# How to complete this task:
What must be handed in is the entire listing, exactly as written, with no pictures.

[Input data Boundary: Start]

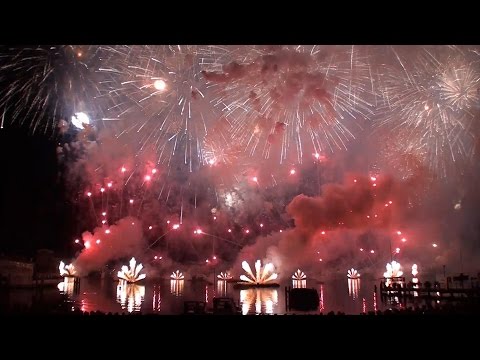 Genève - Grand feu pyromélodique des Fêtes de Genève 2014 (3/3)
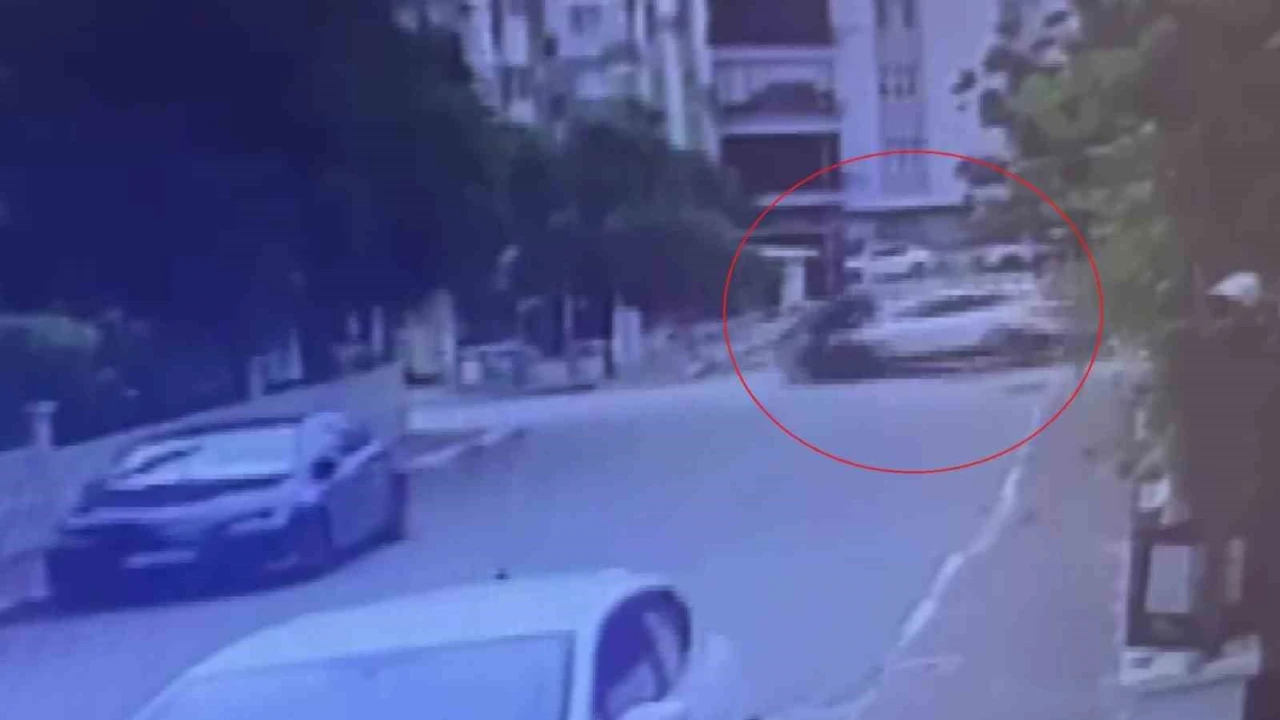 Antalyada 2 polis memurunun yaralandığı kaza anı kameraya yansıdı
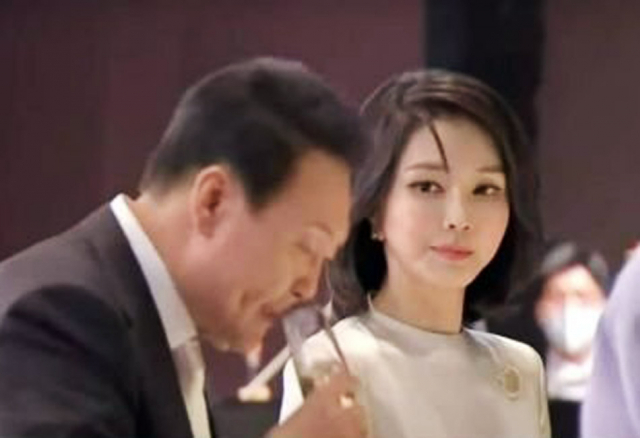 [정보/소식] 유재일 "김건희, 한동훈 막는 게 여의치 않자 저에게 연락…尹, 金 품지 않고 의존해" | 인스티즈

[Input data Boundary: End]

# Answer box:
 Genève - Grand feu pyromélodique des Fêtes de Genève 2014 (3/3)
 Antalyada 2 polis memurunun yaralandığı kaza anı kameraya yansıdı
 [정보/소식] 유재일 "김건희, 한동훈 막는 게 여의치 않자 저에게 연락…尹, 金 품지 않고 의존해" | 인스티즈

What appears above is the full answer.